> SUPPLIED RECORDS:
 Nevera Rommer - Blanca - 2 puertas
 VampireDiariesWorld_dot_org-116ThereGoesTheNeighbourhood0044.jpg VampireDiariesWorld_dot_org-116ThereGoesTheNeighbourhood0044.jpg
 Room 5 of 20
...
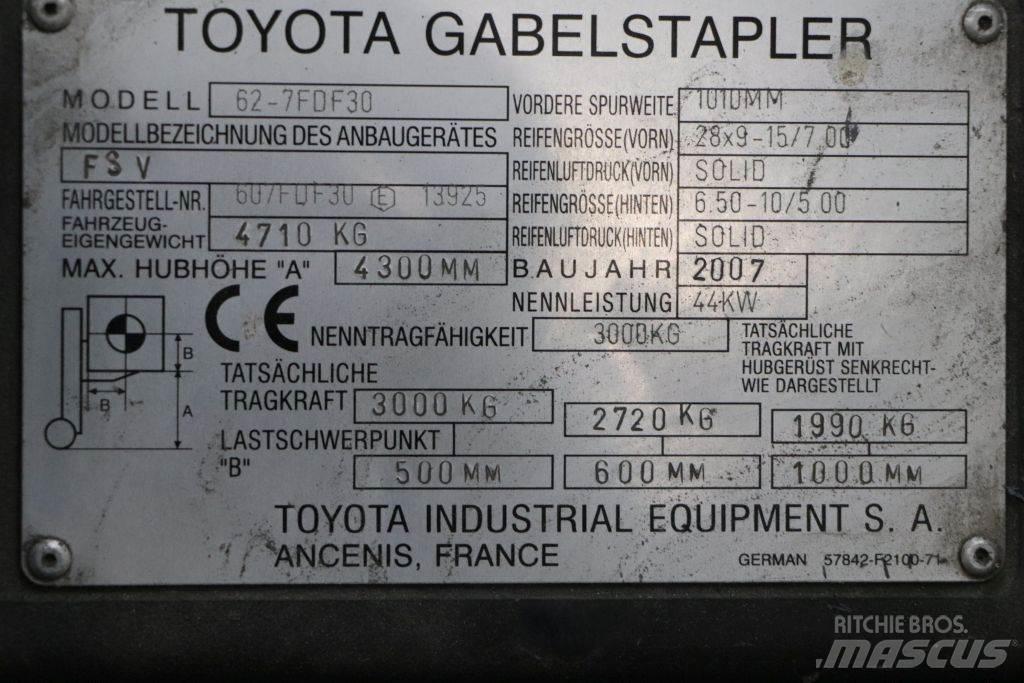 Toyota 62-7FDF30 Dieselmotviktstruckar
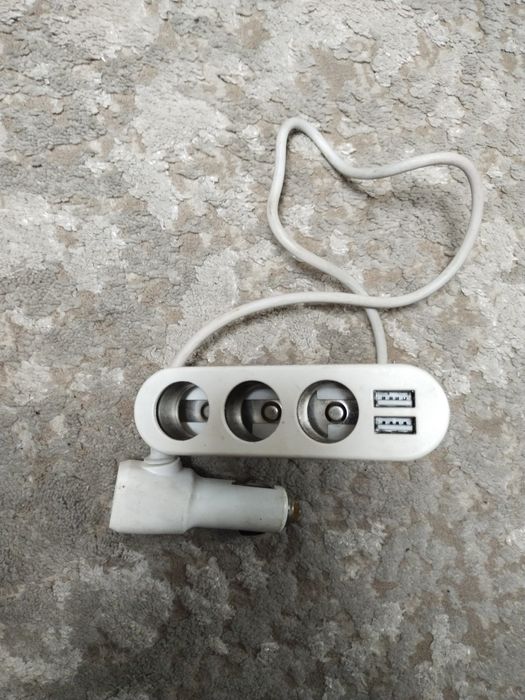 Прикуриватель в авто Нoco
---
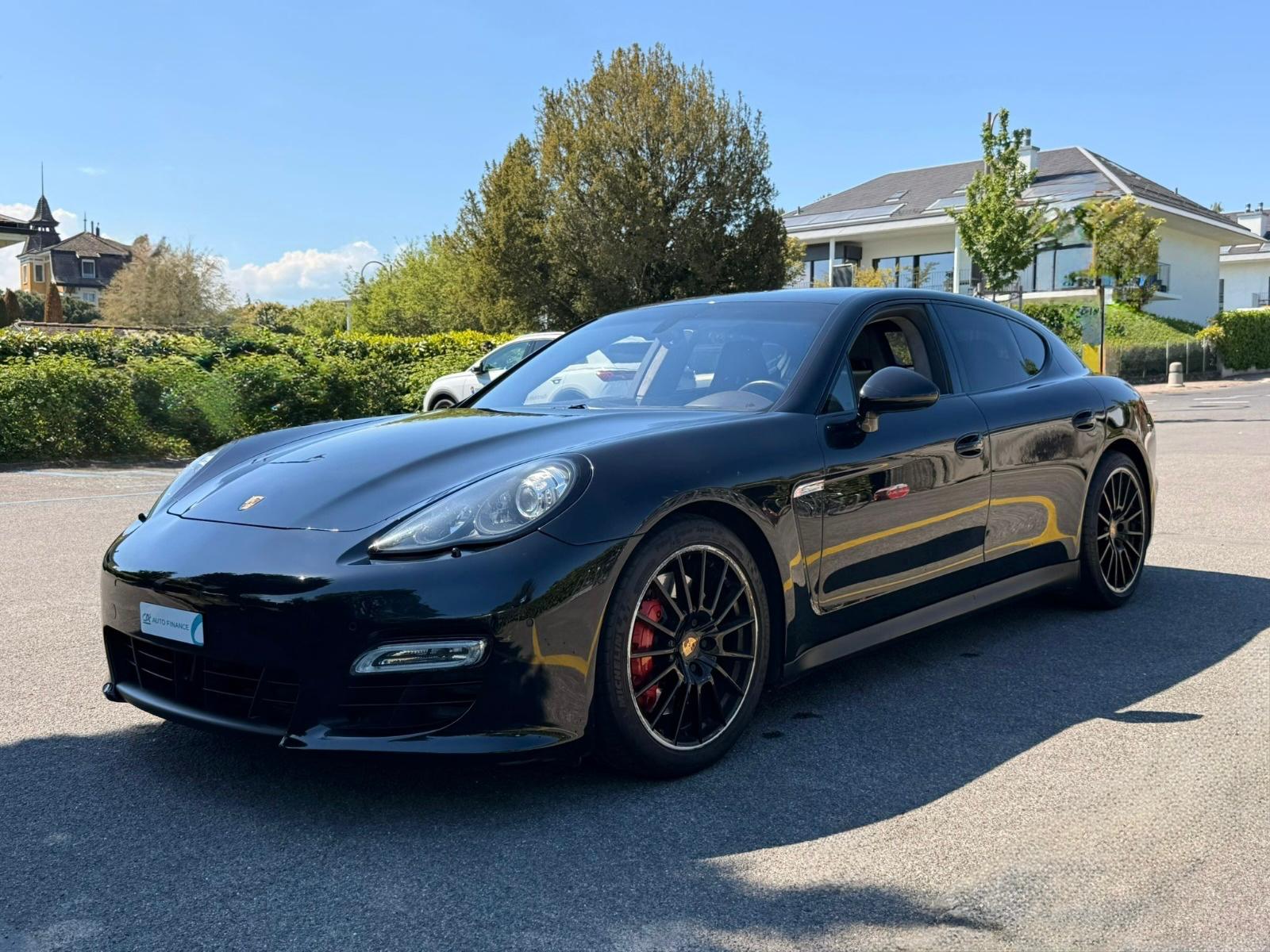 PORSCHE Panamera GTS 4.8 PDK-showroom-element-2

> TASK GOAL: Only one stretch of the entries above is wanted: the lines from the one containing "Nevera Rommer - Blanca - 2 puertas" through the one containing "Room 5 of 20". Please reproduce it exactly.

> REPLY TO THE TASK:
 Nevera Rommer - Blanca - 2 puertas
 VampireDiariesWorld_dot_org-116ThereGoesTheNeighbourhood0044.jpg VampireDiariesWorld_dot_org-116ThereGoesTheNeighbourhood0044.jpg
 Room 5 of 20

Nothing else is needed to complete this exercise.